WORK TO BE COMPLETED:
From the first line of the data below through the line holding "Festive pink satin", write out each line exactly as it stands.

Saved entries
= = = =

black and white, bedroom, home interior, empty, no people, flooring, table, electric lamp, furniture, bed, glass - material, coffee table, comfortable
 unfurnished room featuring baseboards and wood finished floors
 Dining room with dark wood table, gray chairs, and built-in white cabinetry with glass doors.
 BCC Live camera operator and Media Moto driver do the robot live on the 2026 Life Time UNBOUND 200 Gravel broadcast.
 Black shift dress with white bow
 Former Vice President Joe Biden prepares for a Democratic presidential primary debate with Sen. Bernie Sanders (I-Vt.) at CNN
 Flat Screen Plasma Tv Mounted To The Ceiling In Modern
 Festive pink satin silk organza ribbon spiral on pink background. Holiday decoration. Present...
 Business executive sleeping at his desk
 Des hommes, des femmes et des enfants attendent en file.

= = = =

RESPONSE BOX:
black and white, bedroom, home interior, empty, no people, flooring, table, electric lamp, furniture, bed, glass - material, coffee table, comfortable
 unfurnished room featuring baseboards and wood finished floors
 Dining room with dark wood table, gray chairs, and built-in white cabinetry with glass doors.
 BCC Live camera operator and Media Moto driver do the robot live on the 2026 Life Time UNBOUND 200 Gravel broadcast.
 Black shift dress with white bow
 Former Vice President Joe Biden prepares for a Democratic presidential primary debate with Sen. Bernie Sanders (I-Vt.) at CNN
 Flat Screen Plasma Tv Mounted To The Ceiling In Modern
 Festive pink satin silk organza ribbon spiral on pink background. Holiday decoration. Present...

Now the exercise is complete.